Возможно, своими песнями, отчаянно снующим по горизонту взором, смятой в кулачке косынкой, мокрыми от осенней мороси волосами Лиде каждый раз удавалось разжалобить даже саму госпожу Алевтину, вымолить у взбалмошного урагана небольшую отсрочку. И тогда, уже распалившаяся и яростная перед очередным буйством в бухте, заслушавшись песней о сестре рыбака, госпожа ураган наливалась сонливой ленью, опускалась на дно морское. Дремала и нежилась в мягком бархатистом иле, в топком сияющем песке до тех пор, пока «Медный» не причаливал к берегу, выпустив на сушу капитана, всех его рыбаков и матросов целыми и невредимыми.

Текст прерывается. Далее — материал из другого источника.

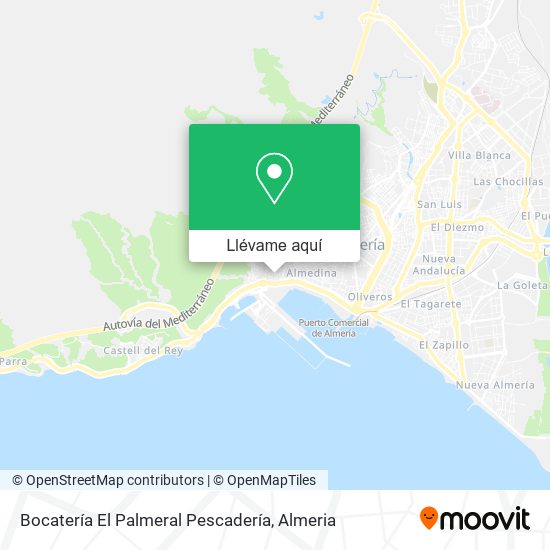 Mapa Bocatería El Palmeral Pescadería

В долгие зимние воскресенья затянувшихся плаваний капитана, когда замерзшие улицы и сжавшиеся дома косо штриховал сизый снегопад, сдержанная и притихшая Лида, оказавшись в центре городка, как никогда внимательно прислушивалась к перешептыванию оконных безделушек. Ко всему присматривалась, все подмечала. Двух фарфоровых спаниелей в освещенном оконце аптеки. Пишущую машинку и отцветающую герань в широком окне трехэтажного каменного лицея, где она преподавала ботанику. Трагично-желтую занавеску в чердачном оконце бывшей прачечной. Замечала сквозь шторы выцветший за лето букетик искусственных маргариток. Пыльный сифон для газированной воды. Военный бинокль. Оставленную на столике у окна книгу сказок братьев Гримм. Синий китайский термос с бабочкой на поблекшей эмали.
В эти мутные январские дни маленькие сокровища подоконников, воссияв перед глазами, болезненно вторгались в ее шаткий растерянный мир, производя свой истязающий или обнадеживающий ритуал. Они вспыхивали, высвобождая из глубин затаенные тревоги. Или без причины изливали в самый центр груди искристый и обезболивающий мед убежденности, что беды не будет, что капитан скоро вернется домой.